Still trying to understand just exactly what you are getting at.

Are you talking about movement towards the so-called "Paramedic Practitioner" concept, with field treat-and-release (diagnose-and prescribe) privileges? Clinical (non-street) privileges? Both? Or are you talking about an expanded scope within actual field EMS emergency care?

Though the Paramedic Practitioner concept is an intriguing one, and could be viable with the right educational preparation, there are things that worry me about it. Not so much that paramedics couldn't handle it. They could (again, with the right education). But my two primary concerns are this:

  • 1. I disagree that our future success lies within taking a bigger slice of the medical pie. I think our future lies in specialisation. Doing one thing and doing it well is almost always a better choice than trying to be all things to all people.
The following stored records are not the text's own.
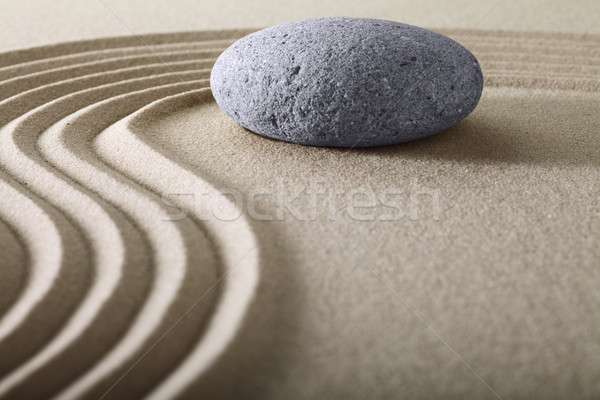Zen jardin japonais pierre sable [[stock_photo]] © kikkerdirk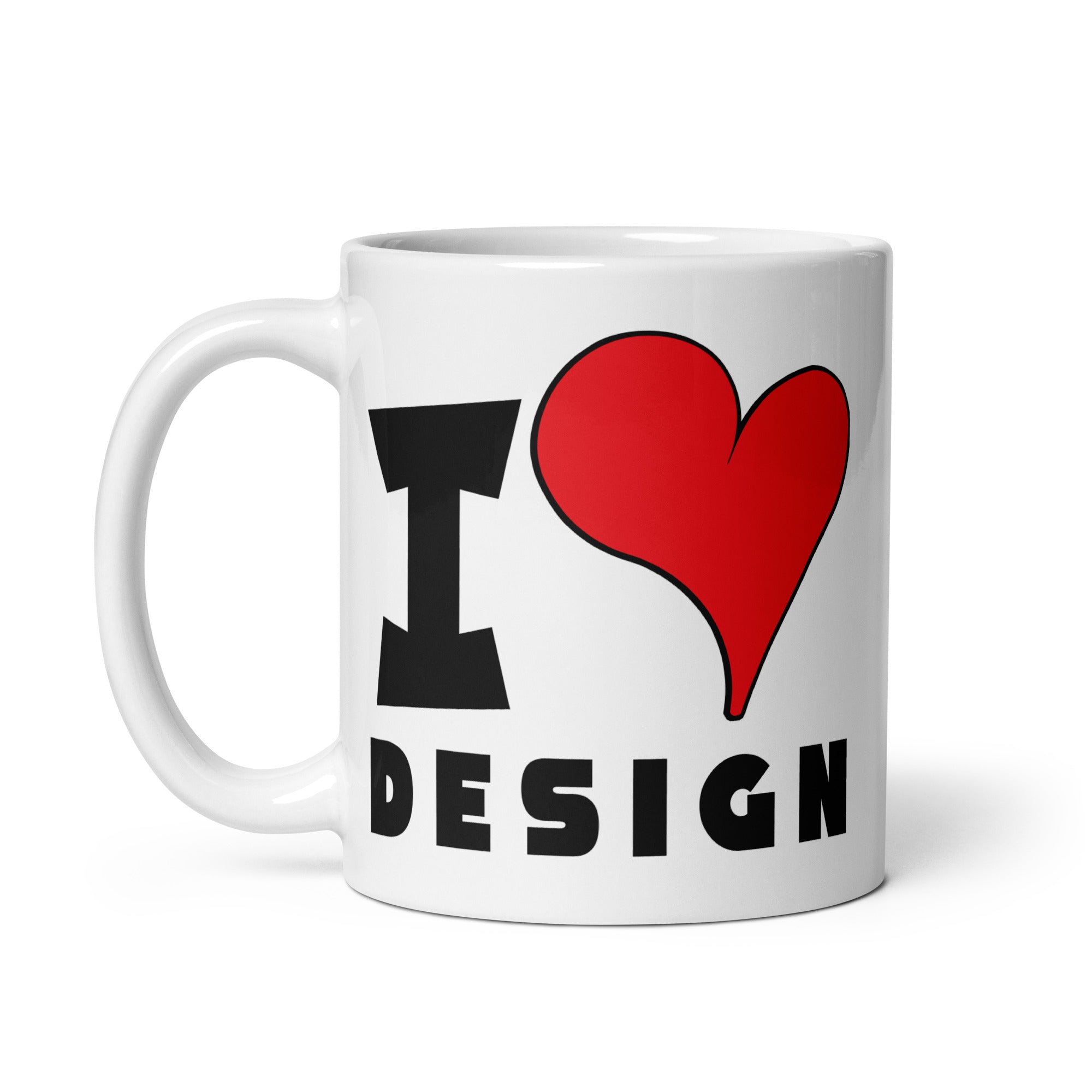 White glossy mug - I Love Design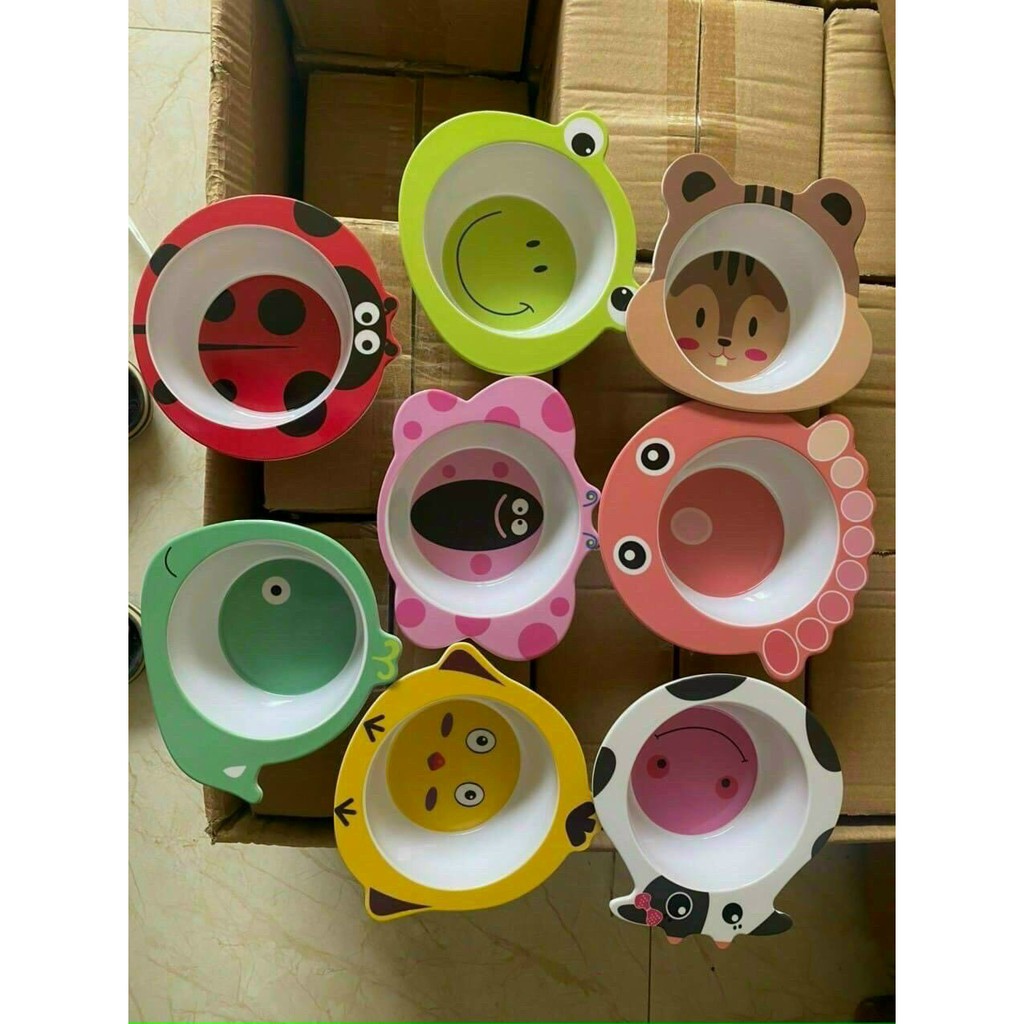 Bát ăn dặm cho bé, thìa ăn dặm sợi tre hình thú xinh xắn an toàn cho bé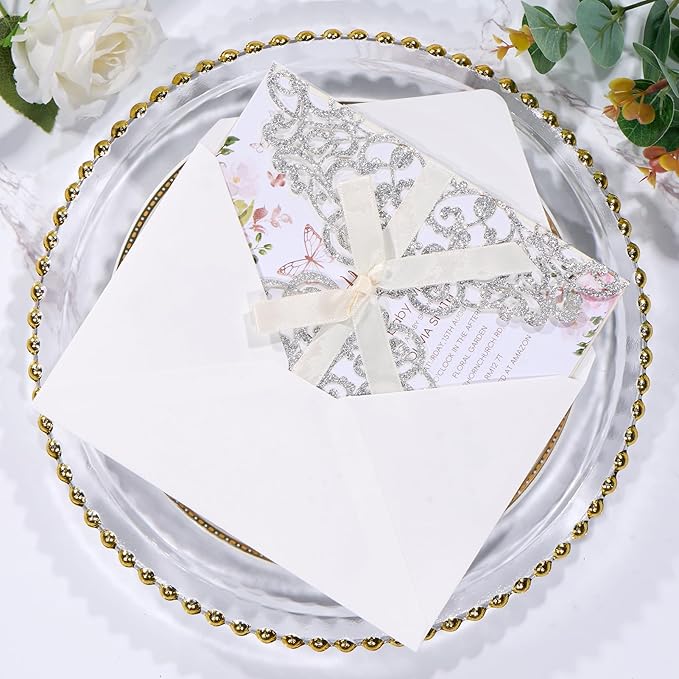 50Pcs Sliver Glitter Wedding Invitations with Envelopes and Rsvp Cards Ribbons Laser Cut Invitation Blank Inner Sheet Pearl Paper Tarjetas de Invitación Para Boda XV Anos Quinceañera Wedding Invite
2. You think EMS is abused now, when all we really offer is a ride to the hospital? Wait til people get used to us making house calls for minor ailments! The impact will be overwhelming. Not to mention that the AMA will strenuously oppose this every step of the way. We barely have the political clout to get wanker plates in this country. There is not the slightest chance that, within the next twenty years, we will possess the clout to achieve practitioner status.

  • Aside from a clinically expanded scope, I just cannot think of much ambulance EMS type expansion we could ask for.